If we write the rotated function in Cartesian form,

$f(x',y') = x'^2 + k y'^2 = (c^2 + k s^2)x^2 + (s^2 + k c^2)y^2 + 2(k-1) c s x y$

where $c = \cos(\omega), s = \sin(\omega)$.

In 3-D space, the same logic still applicable.

The spherical harmonics $Y_{lm}$ serves as the basis for eigenvalue of $l(l+1)$, eigen spaces for difference $l$ are orthogonal.

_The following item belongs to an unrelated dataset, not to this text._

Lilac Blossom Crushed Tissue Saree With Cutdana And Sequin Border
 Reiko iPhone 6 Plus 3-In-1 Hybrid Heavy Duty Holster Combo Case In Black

This is an extension of the 2-D eigen function $\exp(\pm n i \theta)$.

A 3-D function can be expressed in spherical harmonics, and the rotation is simple multiplied with the Wigner D-matrix.

On above, we show an example of higher order rotation induced by product space. I called it the induced space (I am not sure it is the correct name or not), because the space is the same, but the order is higher.

For two particles system, the direct product space is formed by the product of the basis from two distinct space (could be identical space).

Some common direct product spaces are

• combining two spins
• combining two orbital angular momentum
• two particles system

No matter induced space or direct product space, there structure are very similar. In 3-D rotation, the two spaces and the direct product space is related by the Clebsch-Gordon coefficient. While in 2-D rotation, we can see from the above discussion, the coefficient is simply 1.

Lets use 2-D space to show the “induced product” space. For order $n=1$, which is the primary base that contains only $x, y$.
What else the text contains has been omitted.